All lines from the one that contains "So if we look" to the end of the data must be retyped exactly. Pictures are not retyped.

Stored data entries
§ §
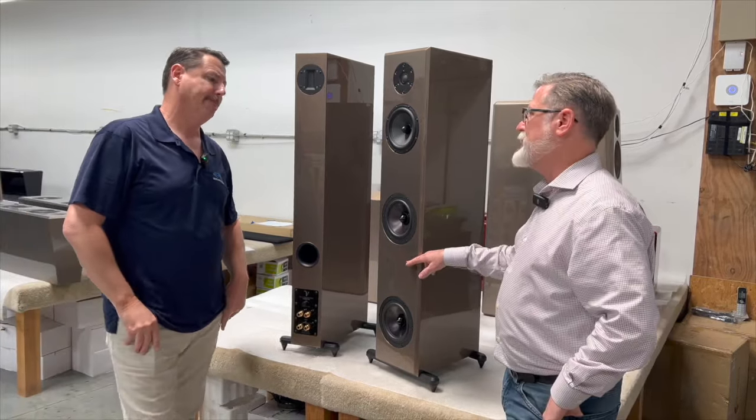You have a ported design here which reinforces the energy from the cabinet out the back and allows more flexibility in placement. Even though they're ported, these can go right up against the wall. We use several gradient materials to damp the internal cabinet, and we call this an aperiodic vent — so even though it's tuned, whatever energy is left over after the wave launch just dissipates out the back. You can put a piece of paper there and it'll barely move even at very high levels. Having a speaker that can wall-load or corner-load and still be linear is critical.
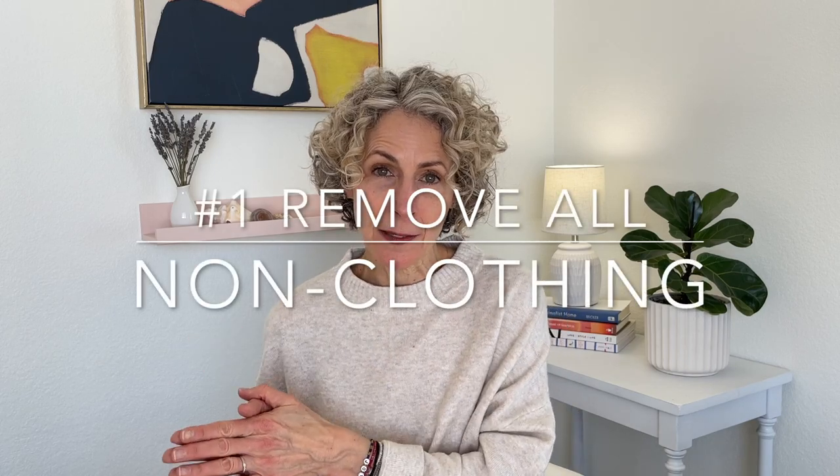The first step is to remove. Honestly, if this is the only thing you did and then you were done, this would make your closet feel better. Set the timer for 10 minutes and remove anything that is not clothing, anything that does not support you getting dressed, out of your closet. If you don't have much storage space and need to use your closet for non-clothing items, that's fine — put them all in one place, in a bin or a box or a container, or on a specific shelf or off to one side so that they're not interfering with your mind and not physically getting in the way.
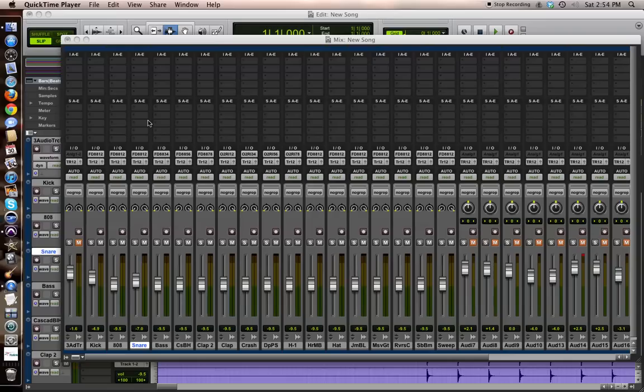What up y'all, this is your boy Crazy C, and I'm about to do a tutorial to show y'all how to EQ some kicks and some snares.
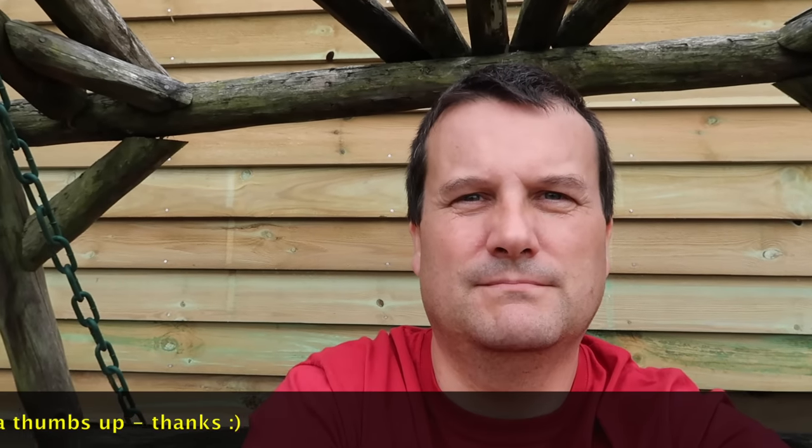Anyway guys, that's it — I look forward to seeing you all in the next video. Bye for now everyone, cheers.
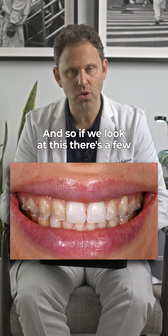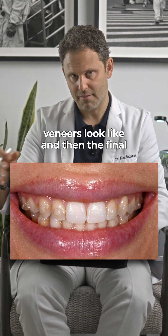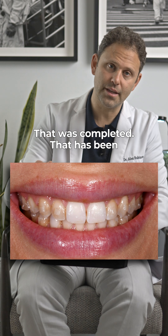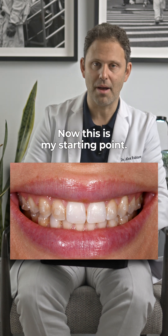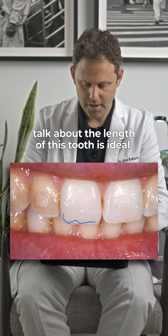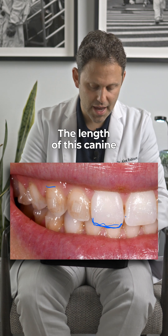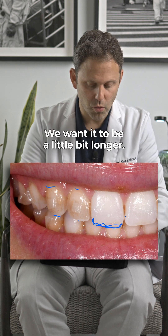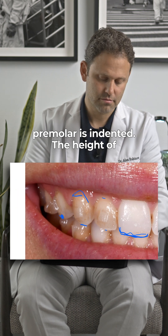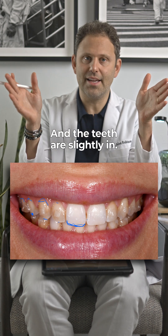So if we look at this, there are a few things going on. I'm going to walk you through the entire case — what the preparations look like, what the veneers look like, and then the final outcome. She had crooked, rotated teeth. That has been evened out. This is my starting point. The length of this tooth is ideal, but this one's short. Invisalign is not going to correct for all that. The length of this canine is the same length as this lateral — we want it to be a little bit longer. The edge of this premolar is indented. The height of these gums are lower and the teeth are slightly in.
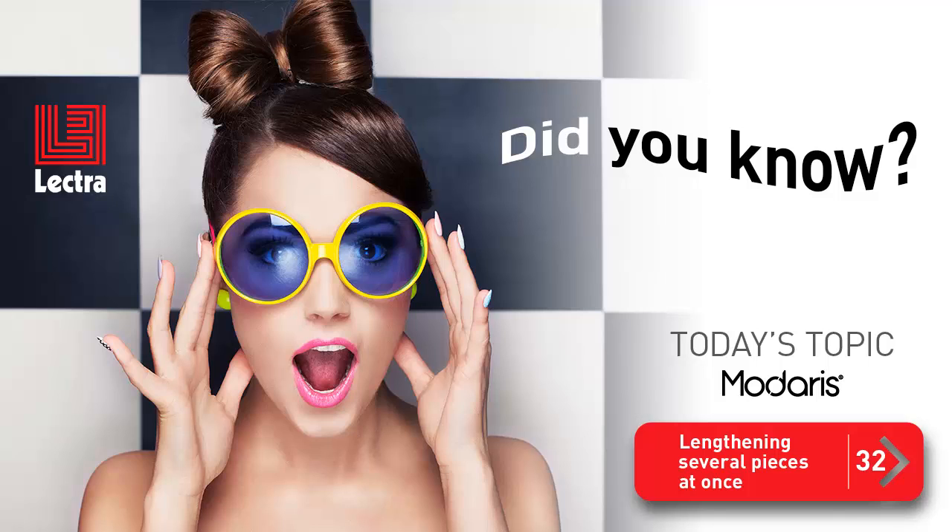Hi there! It's time for another Madaris time-saving tip. This time, the topic is lengthening several pieces at once.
§ §
TASK ANSWER:
So if we look at this, there are a few things going on. I'm going to walk you through the entire case — what the preparations look like, what the veneers look like, and then the final outcome. She had crooked, rotated teeth. That has been evened out. This is my starting point. The length of this tooth is ideal, but this one's short. Invisalign is not going to correct for all that. The length of this canine is the same length as this lateral — we want it to be a little bit longer. The edge of this premolar is indented. The height of these gums are lower and the teeth are slightly in.
Hi there! It's time for another Madaris time-saving tip. This time, the topic is lengthening several pieces at once.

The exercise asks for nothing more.